Begitu kita menginjak ke negara jiran—katakanlah Singapura—alam bawah sadar kita langsung berkata,
“Jaga kebersihan. Jika tidak, didenda.” Maka orang-orang Indonesia langsung tertib begitu menginjak
negara singa ini. Namun, tidak lama. Begitu kembali ke Indonesia, mereka begitu gampangnya
membuang tissue dan kulit pisang ke luar jendela mobil. Jorok.
Bukan hanya jalanan yang menjadi tempat sampah terpanjang, melainkan sungai. Saat saya menulis
opini ini, di perumahan saya sedang ada pengerjaan gorong-gorong. Saluran got—sungai kecil—di depan
perumahan dibongkar dan diganti dengan box culvert. Saat alat berat mengangkat kotoran—yang
diharapkan lumpur dari got—yang ikut terangkat berbagai jenis sampah plastik yang tidak bisa diurai
sampai ribuan tahun.
Pengawasan melekat jauh lebih penting ketimbang pengawasan dari luar. Belum sebulan kota
saya—Surabaya—mempelopori pemasangan CCTV di banyak perempatan jalan. Uji coba pertama di
depan jalan perumahan saya. Dalam sehari, ratusan orang melanggar. Mereka didatangi petugas dan
diminta kesadarannya untuk tidak mengulang. Sejak itu, angka pelanggaran terus menurun drastis.
Apakah efektif? Untuk jangka pendek ‘ya’. Untuk jangka wallahu a’lam.
Saya lebih percaya dengan pengawasan via hati nurani kita sendiri. Sebagai dosen di sebuah kampus,
saya mempunyai kebiasaan yang saya terapkan. Setiap kali ujian, mahasiswa tidak saya tunggui. Agar
mereka tidak mencontek, saya tulis di kertas ujian: “Dosen bisa Anda tipu, Tuhan tidak!” Dari
pengalaman empiris saya, ternyata cukup efektif.

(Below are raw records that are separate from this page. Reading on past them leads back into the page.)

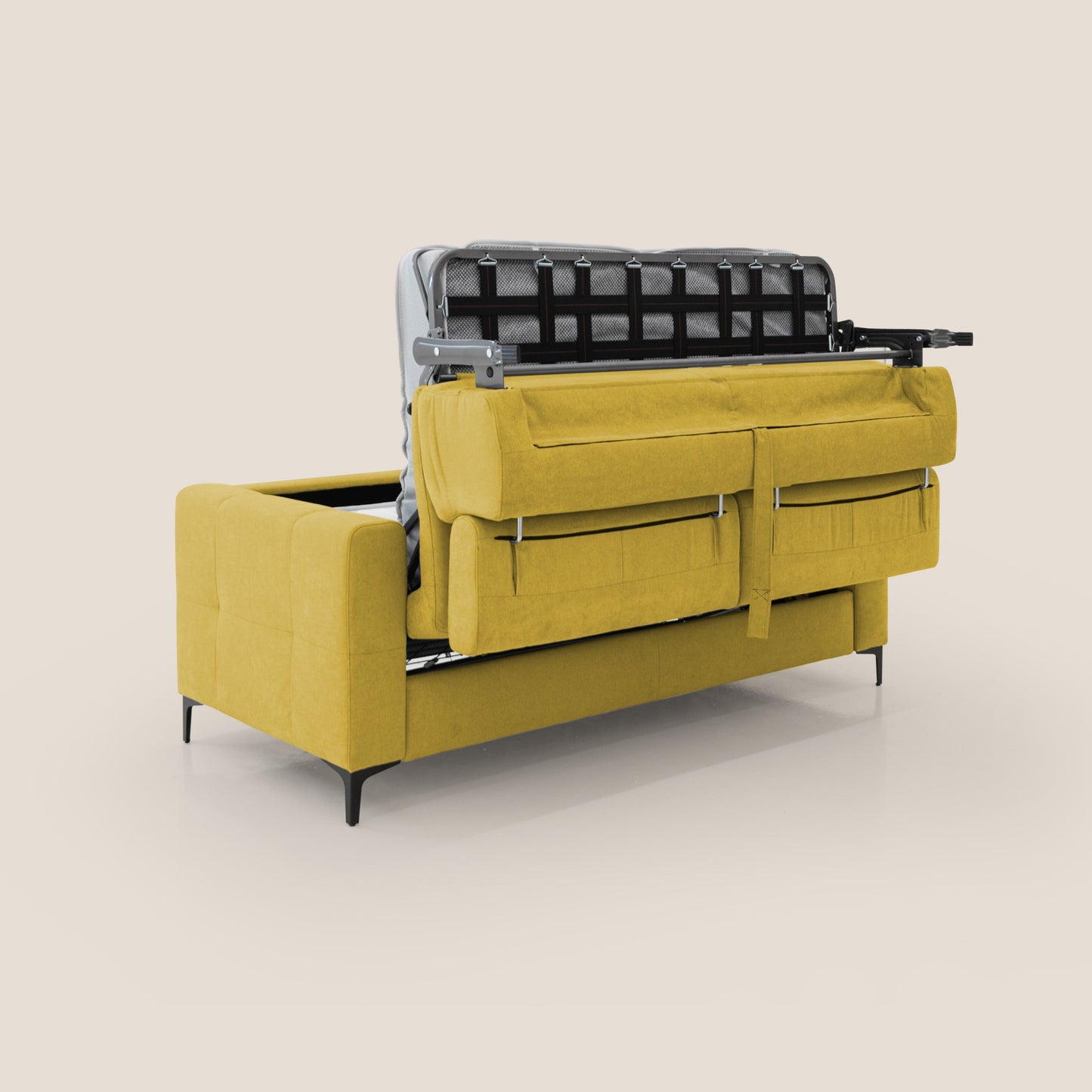 Gardenia divano letto materasso alto 18 cm con poggiatesta reclinabili e rivestimento impermeabile T02 giallo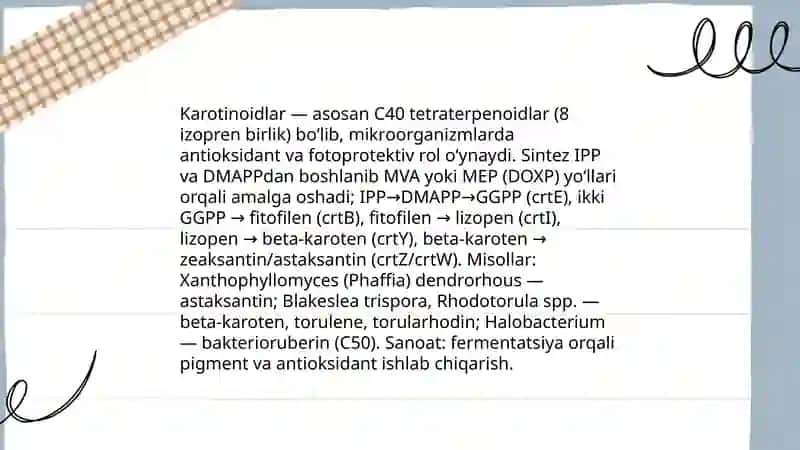 Mikroorganizimlar hayot faoliyati davomida ishlab chiqaradigan mahsulotlar pigmentlar antibiotiklar yorugʻlik issiqlik Qo’chqarova Dinara 4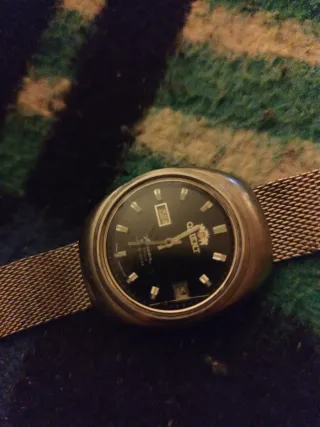 Reloj Orient Plata y Negro vintage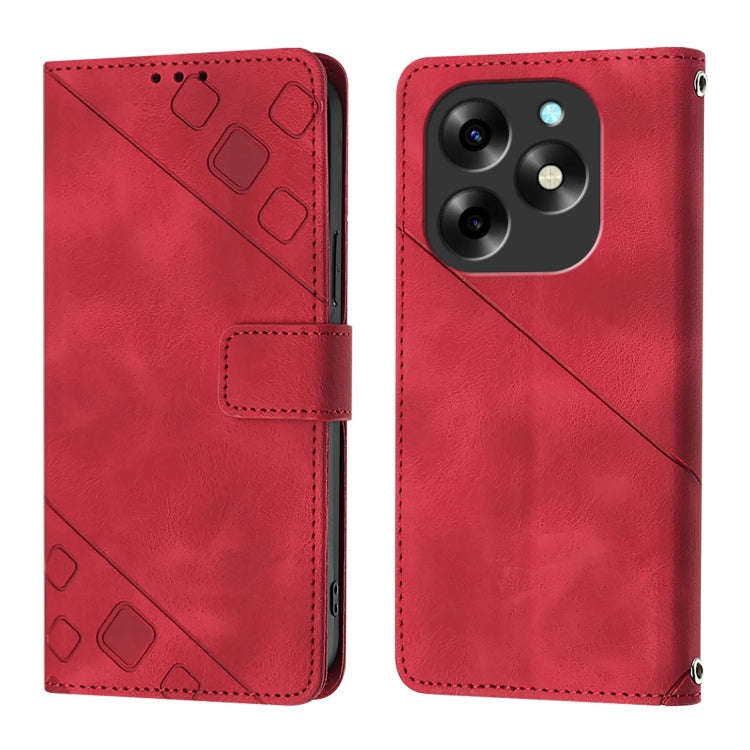 For Itel S23+ Skin Feel Embossed Leather Phone Case(Red)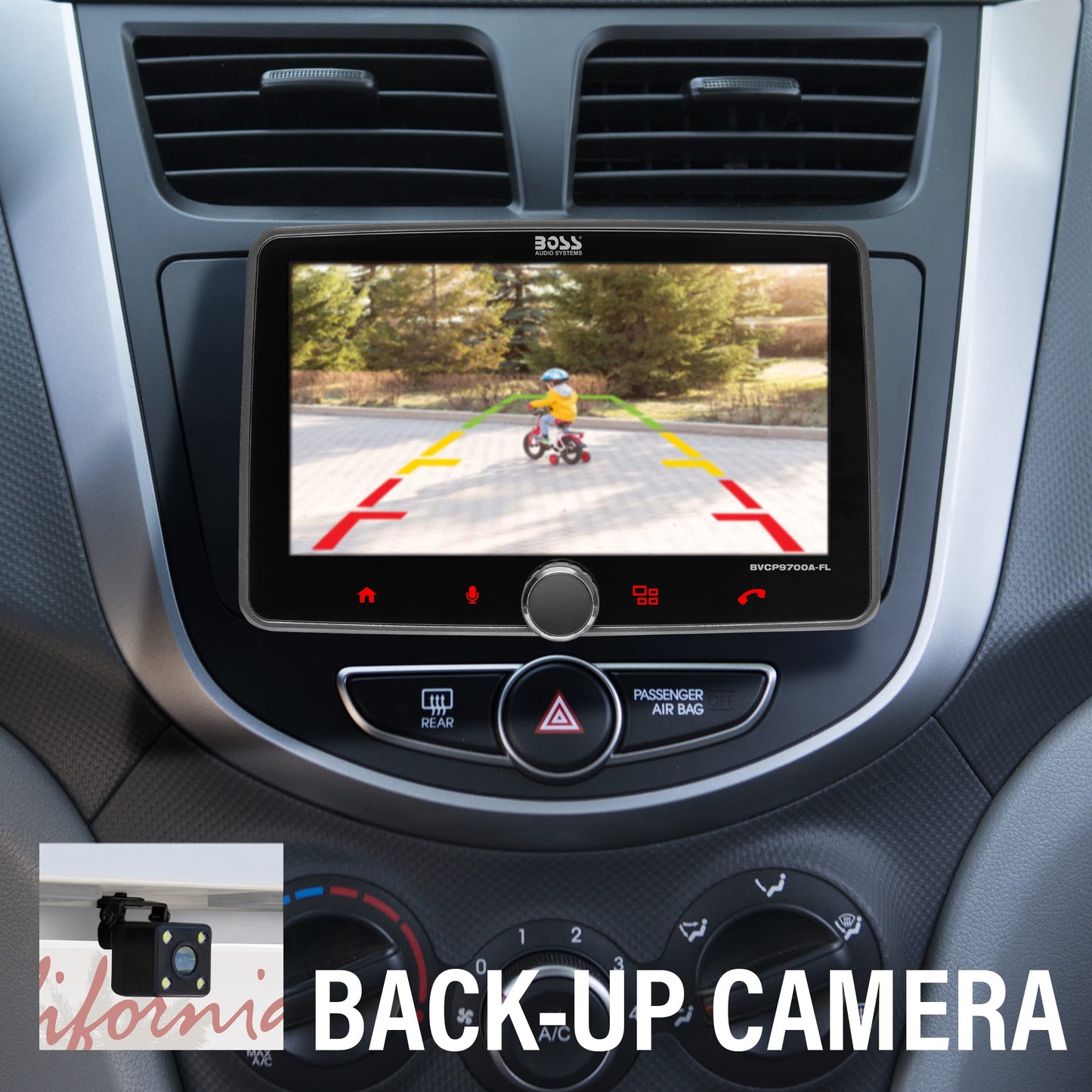 BOSS Audio Systems BVCP9700A-CFL - Sistema estéreo de coche - Apple CarPlay, Android Auto, Din único con visualización táctil de 7 pulgadas, Bluetooth y unidad principal de llamadas, receptor de radio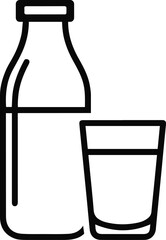 Milk Bottle and Glass Line Icon - Dairy Product Beverage Vector Symbol
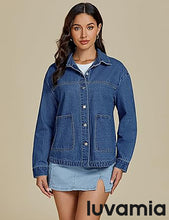LUVAMIA Women's Street Fashion Denim Jacket Lapel Long Sleeve Coat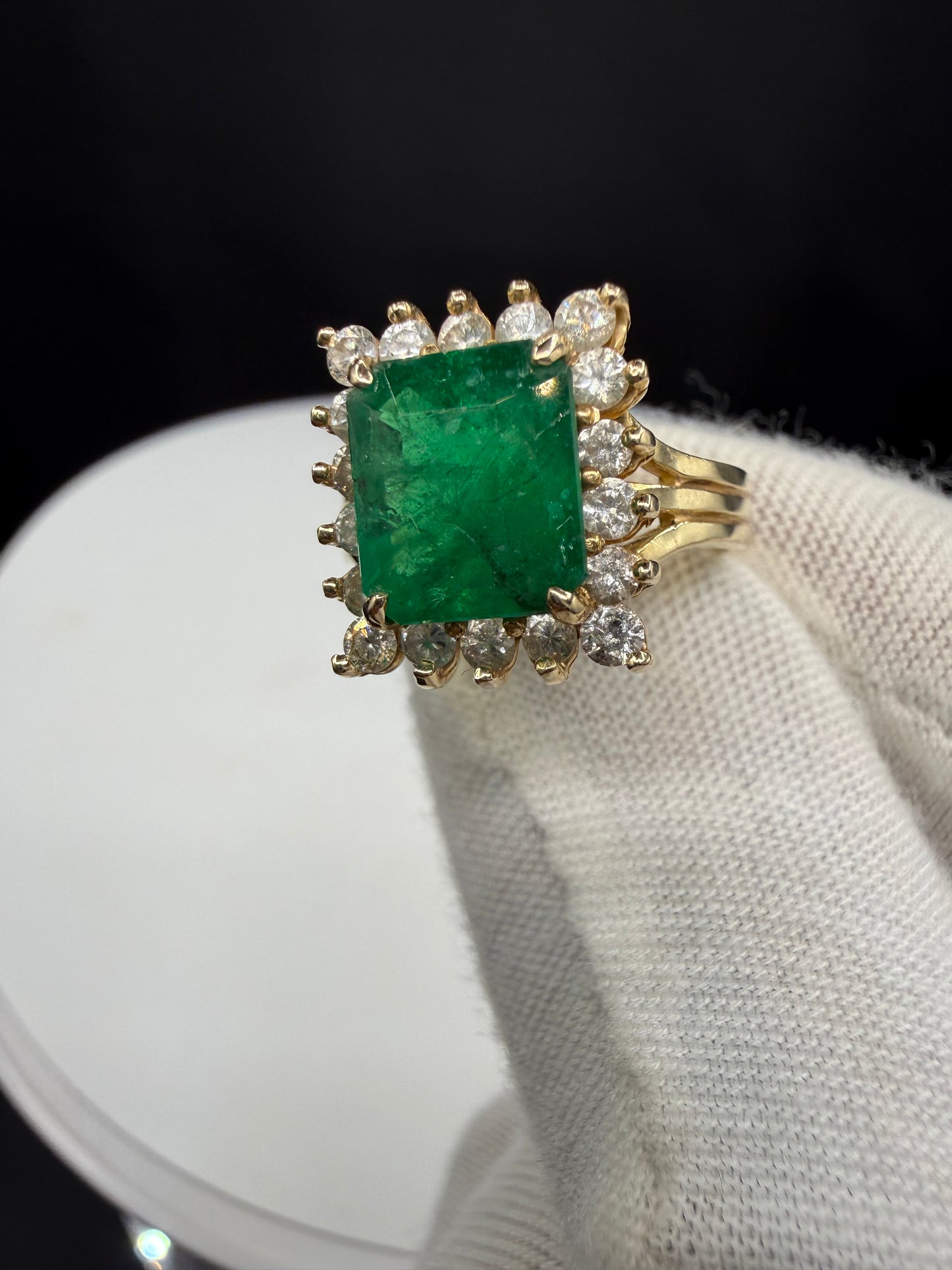 4.28 Carat Natural Emerald and Diamond Halo 14k Yellow Gold Ring | 3.74 Ct Emerald | 0.54 Ct Diamond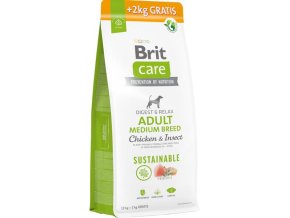 Brit Care Dog Sustainable Adult Medium Breed Chicken+Insect 12 + 2 kg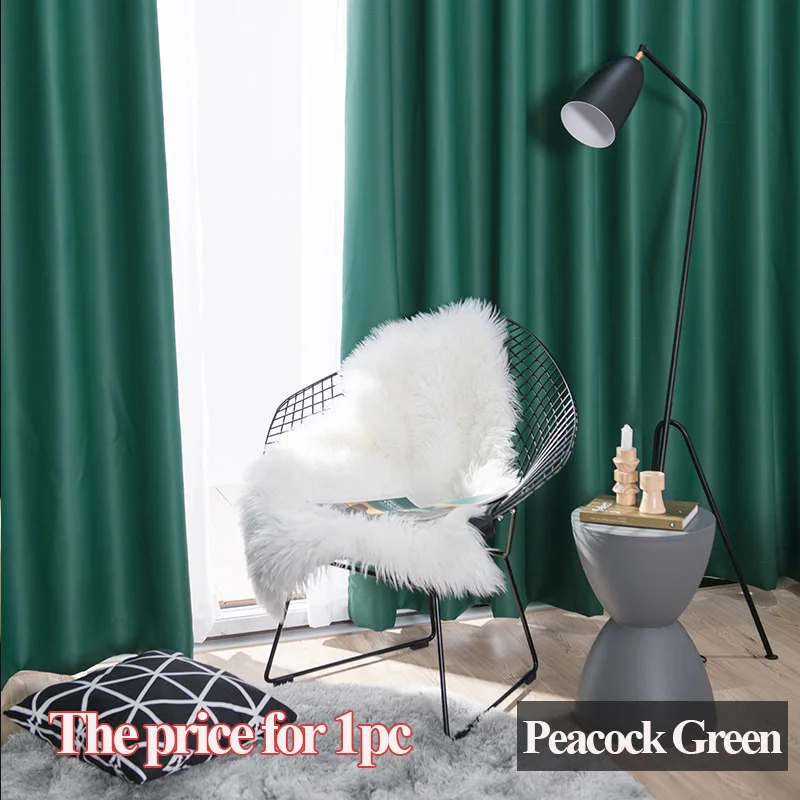 Peacock Green Современные затемненные занавески для гостиной, занавески, занавески для окон, жалюзи, занавески для гостиной, спальни, на заказ - Цвет: Peacock Green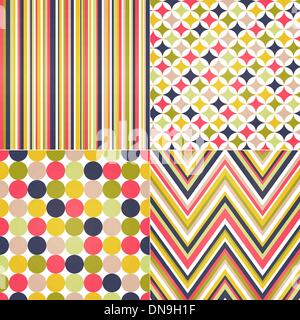 seamless stripes, zig zag and polka dots background Stock Vector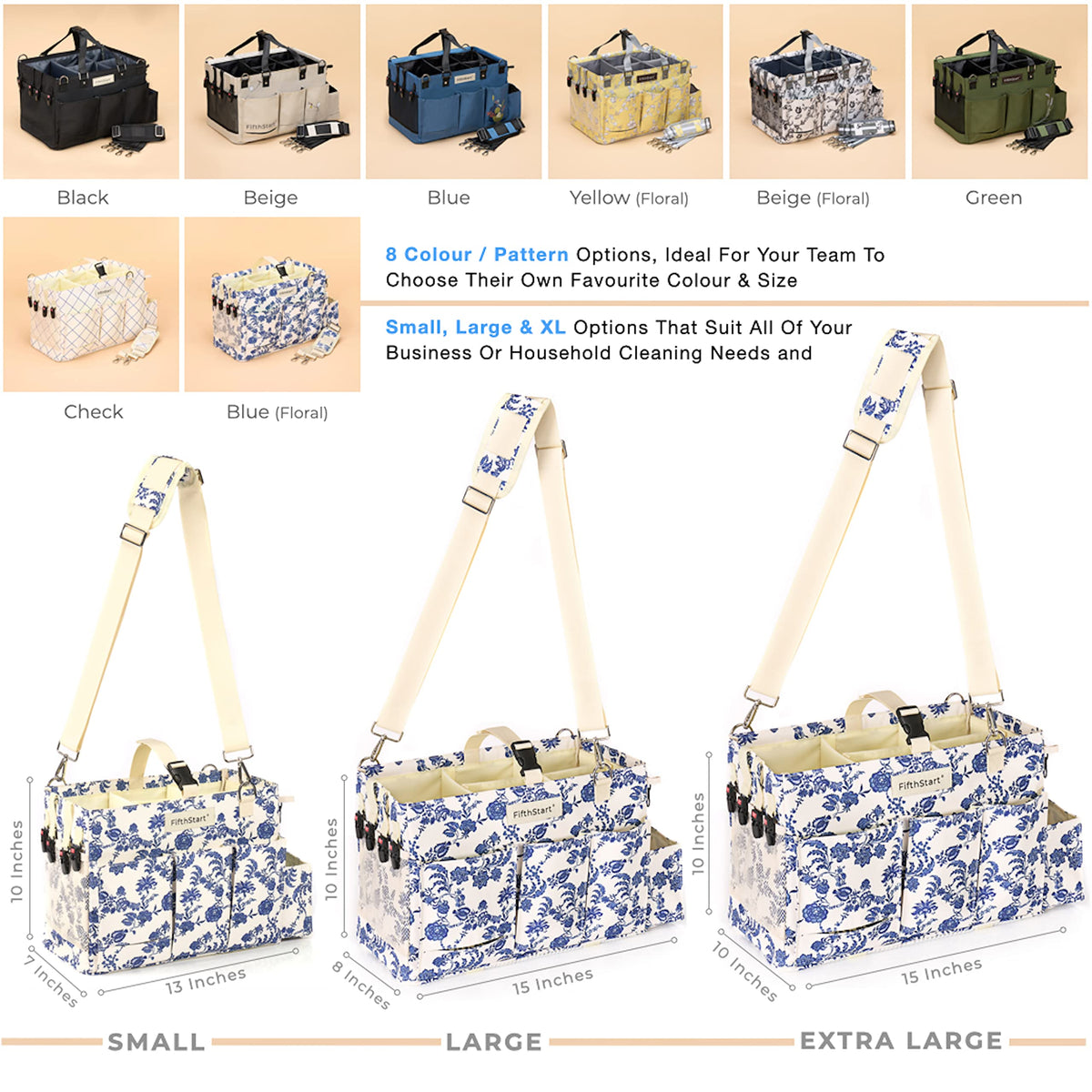 FifthStart Multiuse Large Blue Floral Diaper Caddy with Waist, Shoulder Strap, 9 Pockets, Mesh Base, and Adjustable Compartments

Ketika menjadi pembicara di sebuah fakultas kedokteran di kampus top tanah air, di dindingnya ada
tulisan yang baik: “God is watching, give Him a good show!” Wow.
Kisah di bawah ini bisa menggambarkan efektivitas cara itu. Seorang bapak bersama anaknya sedang
berada di jalan yang sepanjang kiri kanannya ditanami semangka. Tiba-tiba bapak itu menghentikan
mobilnya di tepi jalan dan berpesan kepada anaknya: “Nak, tolong awasi muka belakang, kiri dan kanan
ya. Kalau ada orang cepat beritahu Bapak.”
“Kok Bapak tidak minta saya melihat ke atas?”
Seketika bapaknya urung mencuri semangka. Hati nuraninya berteriak lebih kuat ketimbang rasa haus
dan keinginannya untuk mencuri.
Mari kita jaga Indonesia tercinta dengan hati nurani yang jadi panglima.
Xavier Quentin Pranata, dosen, penulis, dan pembicara publik.